In my devotional this morning, the author challenged us to write down what we hoped God would do in our lives. I thought this was a really cool exercise and I am embraced the challenge. I journaled it, but I thought I would receive more accountability on my hopes for transformation if I posted my thoughts. So here are my ambitions for being clothed in God:
I want to be clothed in love, a love for others that compels people to draw near to God. A love that looks past flaws and sees beauty. A love that endures even when it's not easy to. A love that looks beyond myself and sees the hearts of others.
I long to be clothed in patience, with a heart that waits on Your timing. I long to be content with what I have, hopeful for what's to come and thankful for the process that will get me there. I want to embrace the journey, not looking to arrive but appreciating each step.
I hope to have great hope, hope found only in knowing Christ. Hope that He wants more for me, hope that He will do anything to give me more and hope that He won't leave me on the way. I want hope that inspires me to pray, hope that brings me to the foot of the cross and relinquishes all cares and worries then and there. Hope that walks away knowing the Lord has it all in His hands.
I wish for a mouth of purity. Words that encourage and do not tear down. Words that inspire and do not discourage. Words of truth, even when they're hard to say (and right motives in my heart as I do speak the truth). I long for words of kindness and hope, words that reflect a heart for God. Words that sing praise even when a song can't be found.
I long to learn from who I was, to be daily transformed into who I hope to be, beyond what I hope to be and instead to what God sees I can be. I hope to change, to be changed and allow God to change me. May I never be who I am now, but may I constantly be growing into an image of who He wants me to be.

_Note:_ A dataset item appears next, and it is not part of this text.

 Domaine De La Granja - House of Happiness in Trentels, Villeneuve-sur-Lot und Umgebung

May I be strengthened by faith to do beyond all I can ask or think with Your guidance. I long for faith that can move mountains and move me. May I have faith that challenges me to be a risk taker; may I not stay stagnant where I'm comfortable. I want to step out in faith to do great things for You.

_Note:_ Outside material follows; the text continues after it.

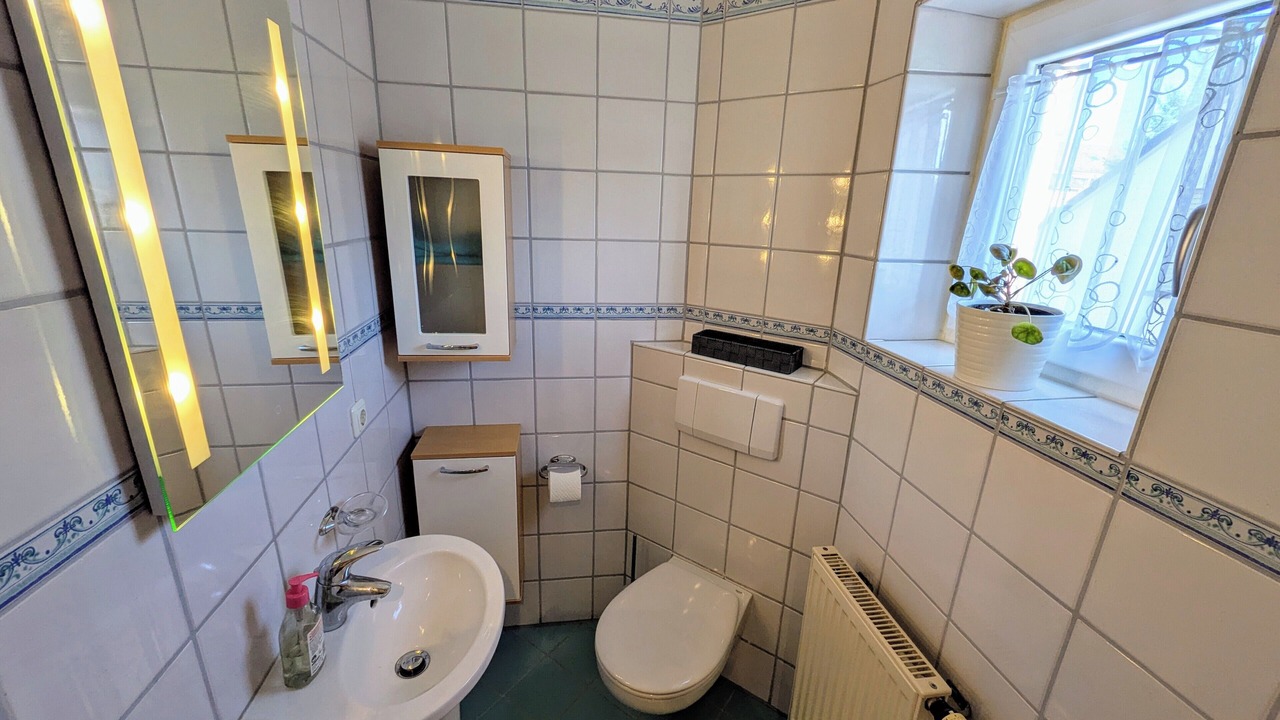 Photo of Bathroom in Reuth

And finally may I be a woman of humility and grace. May I offer forgiveness to those who hurt me and may I constantly reflect the forgiveness I received that fateful day on the cross. May I realize my flaws before seeking to point out the flaws in others. And may that humble me to know I don't deserve the grace I've been given. May God's grace and forgiveness inspire me to always forgive, no matter the cost to myself. After all the highest cost was paid for my forgiveness.
Lord, help me to be clothed in you more every day of my life. You are beauty and I long to be beautiful.